Han transcurrido cinco años. Las orientaciones pastorales de Aparecida, dondequiera que fueron acogidas como inspiración del Espíritu Santo, están dando sus primeros frutos. Estamos al comienzo de un largo proceso, que requiere un trabajo convencido durante decenios, superando inercias y dificultades. Aparecida nos ha propuesto que vayamos a orillas del Jordán, nos planteemos con profundidad el sentido de nuestras búsquedas, y le manifestemos a Jesús que anhelamos  su cercanía y estamos dispuestos a aceptar su invitación: “Vengan y lo verán”, conscientes de acercarnos así a la vida que supera todo egoísmo, toda carencia de sentido y toda muerte.

Escuchamos su voz en este mundo, en el cual se palpa la sed de Dios, mientras distintas culturas se alejan de su raíz cristiana. Constatamos con dolor que incontables jóvenes, entre los cuales un número creciente no ha recibido el bautismo, no obstante su generosidad, han caído en la droga y el alcoholismo, y no conocen a Cristo. Su sed de plenitud en medio de muchas confusiones y vacilaciones de la cultura, los lleva a protestar en una sociedad que encandila con ofertas de bienestar y felicidad, pero que no elimina sus irritantes brechas, ni encamina hacia los bienes que realmente producen bienestar espiritual y material.

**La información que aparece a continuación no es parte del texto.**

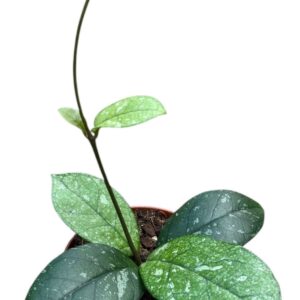 Hoya Hoya Crassipetiolata Splash Round Leaf
(14 Plants/Order)(8cmP 10cmH)
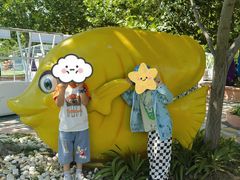 -秦皇岛乐岛海洋王国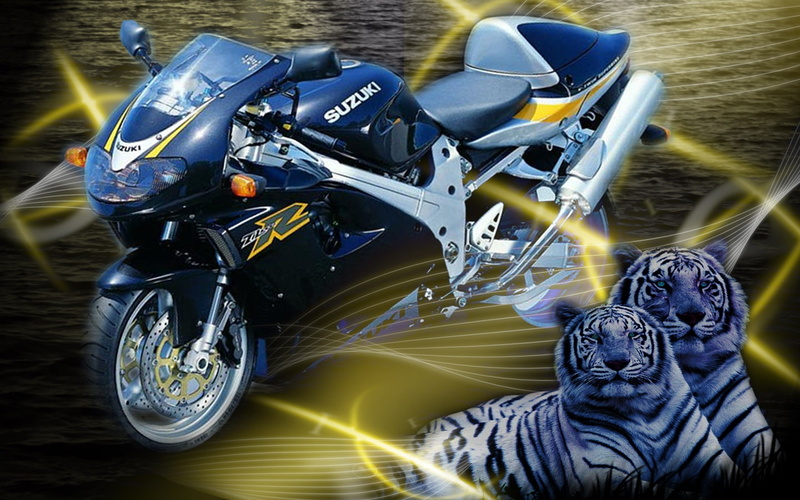 SuzukiTL1000-R, suzuki, motorcycles, Motorbike, suzukitl, 720P, Abtract, hd, Blue, r, tigers, art, Cool
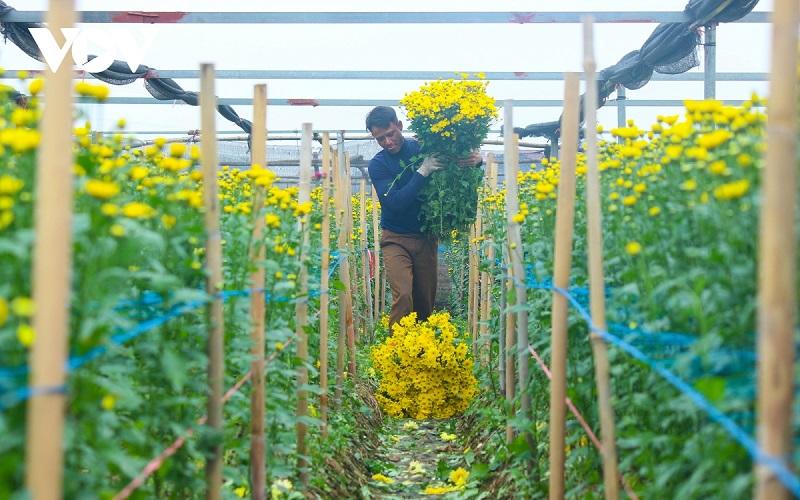 Trăm hoa đua sắc tại Làng hoa Tây Tựu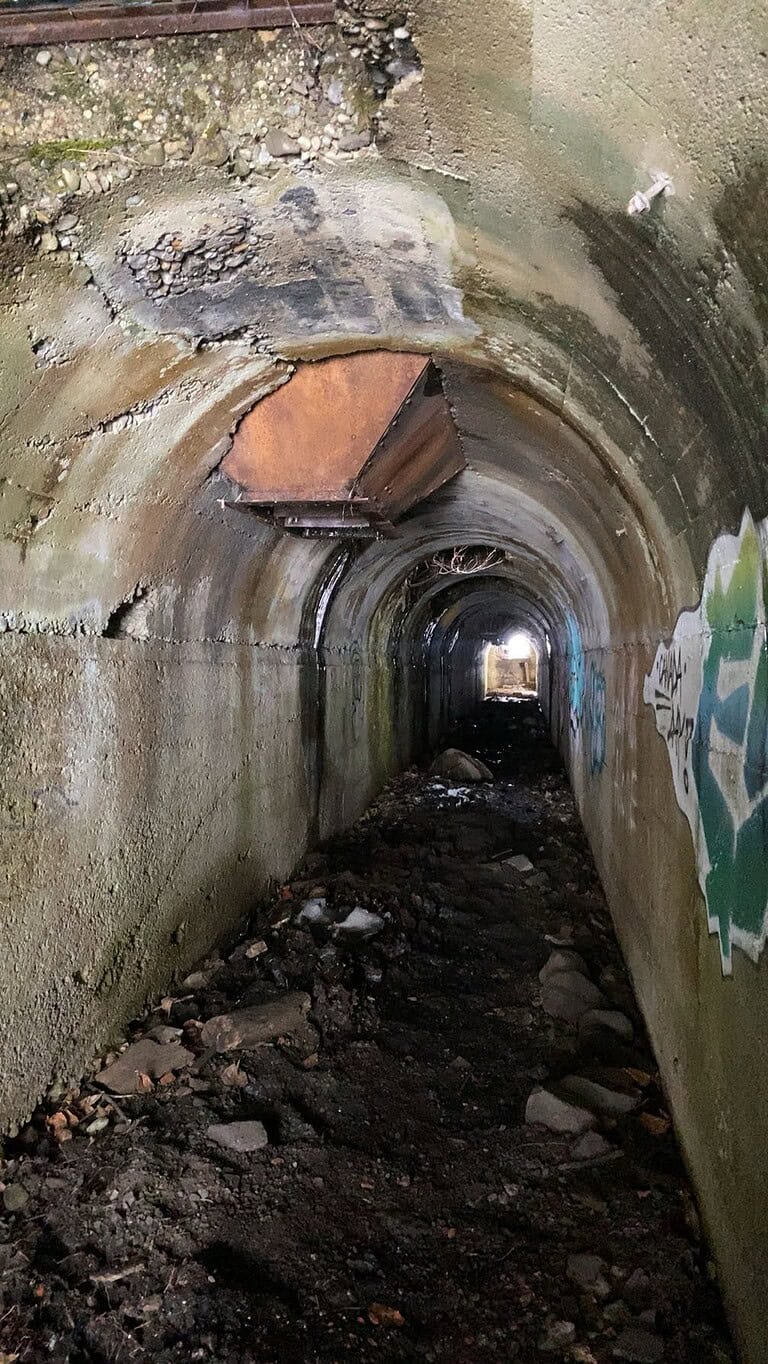 Hosmer bc Canada 2 IMG 7715 768x1365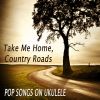 Download track Take Me Home, Country Roads (Instrumental Version)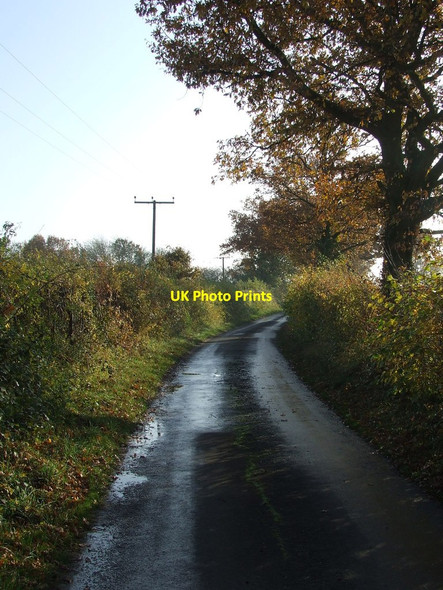 Photo 6"x4" Country Lane Washmere Green c2012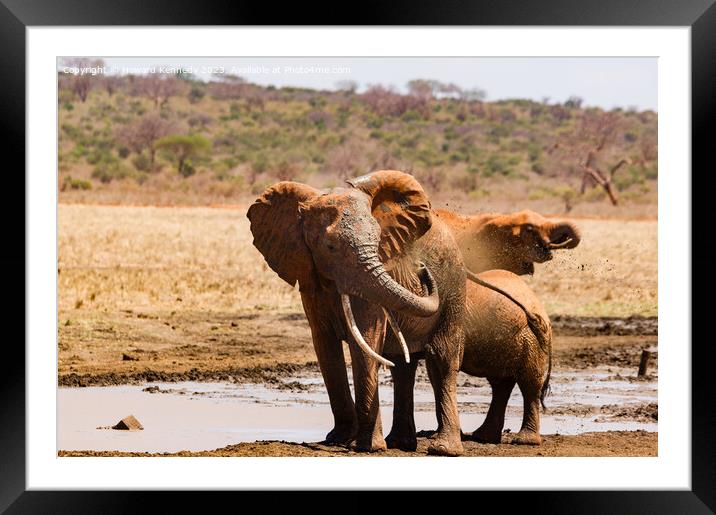 Elephant Spraying a mud bath Framed Mounted Print by Howard Kennedy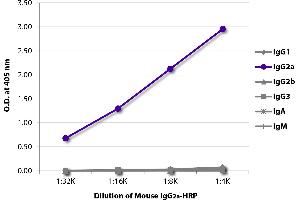 Mouse IgG2a isotype control (HRP)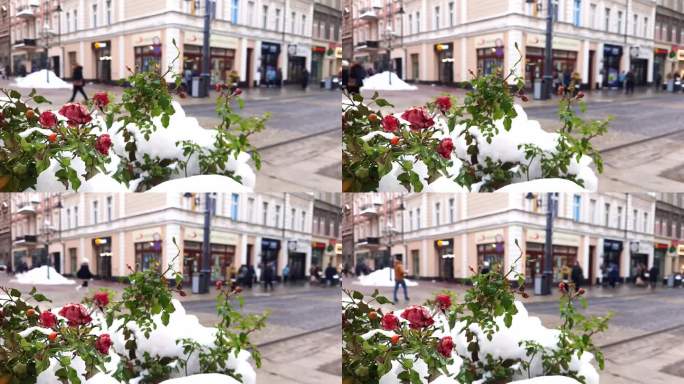 白雪中的玫瑰映衬着繁华城市街道模糊的背景。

En esta sociedad, empeñados en que nuestro pueblo tenga vida en Cristo, y en que todos seamos discípulos misioneros suyos, vivificados por ese torrente de agua viva que Dios nos regala, hemos tomado la decisión de no dedicar todos nuestros esfuerzos en soluciones parciales, si bien verdaderas. Sin desentendernos de los problemas de nuestra sociedad, hemos resuelto ir a la raíz, a lo más fructífero de nuestra vocación cristiana. Hemos resuelto recomenzar desde Cristo, reconociendo que ‘no se comienza a ser cristiano por una decisión ética o una gran idea, sino por el encuentro con un acontecimiento, con una Persona, que da un nuevo horizonte a la vida y, con ello, una orientación decisiva’”  (Benedicto XVI, Deus Caritas est, 1).